Waref Abu Quba: At the time of shooting I didn’t have any expensive tools to make any fancy camera movements like a dolly, a slider or a crane, so I used a technique called 3D Projection which allows me to do some of those movements in the post production process to a still video footage.

Mainly I’ve shot the film alone, I’ve used static videos shot with my Canon 550D, and then I’ve did some camera movements in the post-production process. There is a VFX Breakdown video available online.


Why did you include the poetry of Mahmoud Darwish?

Waref Abu Quba: Mahmoud Darwish is a world famous Palestinian author and poet.
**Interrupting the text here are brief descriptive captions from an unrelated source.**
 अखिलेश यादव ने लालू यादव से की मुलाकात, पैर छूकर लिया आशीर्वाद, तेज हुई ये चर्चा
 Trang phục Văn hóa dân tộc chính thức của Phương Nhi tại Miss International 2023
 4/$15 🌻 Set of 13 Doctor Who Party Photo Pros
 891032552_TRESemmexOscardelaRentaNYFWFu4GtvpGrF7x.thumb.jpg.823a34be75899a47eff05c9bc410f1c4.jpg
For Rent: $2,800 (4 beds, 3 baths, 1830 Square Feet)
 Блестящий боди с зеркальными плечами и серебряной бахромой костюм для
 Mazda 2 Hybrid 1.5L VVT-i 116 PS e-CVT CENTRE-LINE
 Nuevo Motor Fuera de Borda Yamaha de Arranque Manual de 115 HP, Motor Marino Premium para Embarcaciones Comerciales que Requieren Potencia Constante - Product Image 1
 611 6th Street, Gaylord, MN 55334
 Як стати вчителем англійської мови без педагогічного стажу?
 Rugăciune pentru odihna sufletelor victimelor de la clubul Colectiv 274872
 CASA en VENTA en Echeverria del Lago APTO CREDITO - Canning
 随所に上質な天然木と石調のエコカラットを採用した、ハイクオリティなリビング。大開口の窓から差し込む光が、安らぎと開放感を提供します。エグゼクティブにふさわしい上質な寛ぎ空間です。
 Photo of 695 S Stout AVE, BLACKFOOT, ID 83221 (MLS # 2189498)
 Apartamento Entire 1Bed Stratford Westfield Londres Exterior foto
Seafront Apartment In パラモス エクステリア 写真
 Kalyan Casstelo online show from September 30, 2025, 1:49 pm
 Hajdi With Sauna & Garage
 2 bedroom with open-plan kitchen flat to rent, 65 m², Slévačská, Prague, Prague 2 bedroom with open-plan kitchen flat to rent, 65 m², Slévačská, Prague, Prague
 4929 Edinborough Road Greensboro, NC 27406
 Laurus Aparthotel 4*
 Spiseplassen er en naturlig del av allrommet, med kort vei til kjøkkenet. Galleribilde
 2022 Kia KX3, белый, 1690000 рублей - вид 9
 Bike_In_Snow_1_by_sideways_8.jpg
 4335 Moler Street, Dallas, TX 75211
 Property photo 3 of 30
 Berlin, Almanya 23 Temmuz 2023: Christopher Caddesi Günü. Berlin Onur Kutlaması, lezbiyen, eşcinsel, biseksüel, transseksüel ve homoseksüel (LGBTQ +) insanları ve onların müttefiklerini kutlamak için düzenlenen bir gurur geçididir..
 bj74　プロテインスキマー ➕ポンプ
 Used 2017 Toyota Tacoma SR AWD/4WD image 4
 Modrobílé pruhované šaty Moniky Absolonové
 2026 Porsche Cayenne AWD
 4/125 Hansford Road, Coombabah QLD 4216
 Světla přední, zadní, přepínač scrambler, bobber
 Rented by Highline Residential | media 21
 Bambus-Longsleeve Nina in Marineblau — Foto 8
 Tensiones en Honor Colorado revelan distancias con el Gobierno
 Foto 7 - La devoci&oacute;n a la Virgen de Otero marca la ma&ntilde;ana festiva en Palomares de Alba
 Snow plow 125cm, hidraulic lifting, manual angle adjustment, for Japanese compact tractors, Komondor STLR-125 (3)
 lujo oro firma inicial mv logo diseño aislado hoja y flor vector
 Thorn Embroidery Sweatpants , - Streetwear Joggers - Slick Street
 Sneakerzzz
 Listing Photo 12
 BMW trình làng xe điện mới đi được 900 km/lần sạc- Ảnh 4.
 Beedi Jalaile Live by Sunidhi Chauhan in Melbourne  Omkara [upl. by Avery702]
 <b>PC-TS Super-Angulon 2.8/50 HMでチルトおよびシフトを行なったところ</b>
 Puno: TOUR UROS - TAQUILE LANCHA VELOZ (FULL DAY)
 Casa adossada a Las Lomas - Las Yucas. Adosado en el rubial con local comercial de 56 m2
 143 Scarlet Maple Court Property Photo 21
He has been described as incarnating and reflecting “the tradition of the political poet in Islam”, the man of action whose action is poetry. He wrote a poem about Damascus and it’s recited by his voice. When I first heard his poem The Damascene Collar of the Dove, immediately, it was my first choice.


What has been the response to the video?

Waref Abu Quba: The video was well received on the social media and on the internet, it gained more than 200K views on the web, and it was staff-picked by Vimeo, which was very helpful giving the film an international attention rather than the local circles. The film was also recognized for Outstanding Cinematography in the Autumn Shorts Film Festival, Somerset, Kentucky USA in 2015.


Umayyad Square


Where do you live now?

Waref Abu Quba: I live in Germany for almost two years now, in the city of Darmstadt.


How has the move to a new country and culture been like for you?

Waref Abu Quba: I came to Germany in January 2014, the hardest thing in the integration process was to learn the language, but the people were mostly nice and helpful for me, by removing the language barrier life is getting easier.

I absolutely feel thankful to Germany and to the European countries for accepting and taking care of the Syrian refugees, in a time where only a small amount of countries are doing the same, even most of the Arabic countries are not allowing the Syrians to enter, and that’s a shame because they are closer and we share the same language and culture.

To express my thankfulness, I’ve did a film about the city of Darmstadt (where I live) and I am planning to publish it sometime soon as a thank you to the nice people of the city, the film title is Stadt, Licht & Bewegung, and it’s an experimental /artistic film, 9:38 minutes long.


In Damascus Umayyad Mosque Gate.



What do you miss about living in Syria?

Waref Abu Quba: I miss my home town, and I miss hanging out with my friends in our favorite places in Damascus, but rather than that, to be honest I don’t have too much memories attached there, living under a dictatorship will assure that for the people, I mean life was very hard there, and to make a living or to have a good education, or to raise a family, it was simply hard, and I also do have the ability to quickly acclimatize.


What do you want people to know about Syria, before the war?

Waref Abu Quba: I want the people to know, that Syria was a multicultural country for centuries, the Christians lived beside the Muslims, the Kurds beside the Arabs, so many religions and ethnicities side by side without any problem, and in Syria we didn’t have the radicalism Islamic mentality, we where tolerant at each other and everyone choose to believe in or not to believe in what he or she pleases.

For example I’ve met people in Europe who they don’t know that there is Christians in Syria, and they couldn’t believe that I do have Christian friends, that we hang out together, and we studied together and worked together. I think all this racism stories in Syria was just a tool in the hands of the politicians so they will use it when needed.


When the war ends, do you plan to return home?

Waref Abu Quba: Of course I will! When I was in Syria, my dream was to leave it to another country, mainly to find better opportunities and a better education, but now after I lived two years in Germany, I’ve found that life is also difficult here. It’s not easy to change your country after a certain age, and to learn a new language and new people. I will go back to Syria but only when we have a democratic regime which respects its people. I think this is how the majority of the Syrians refugees think.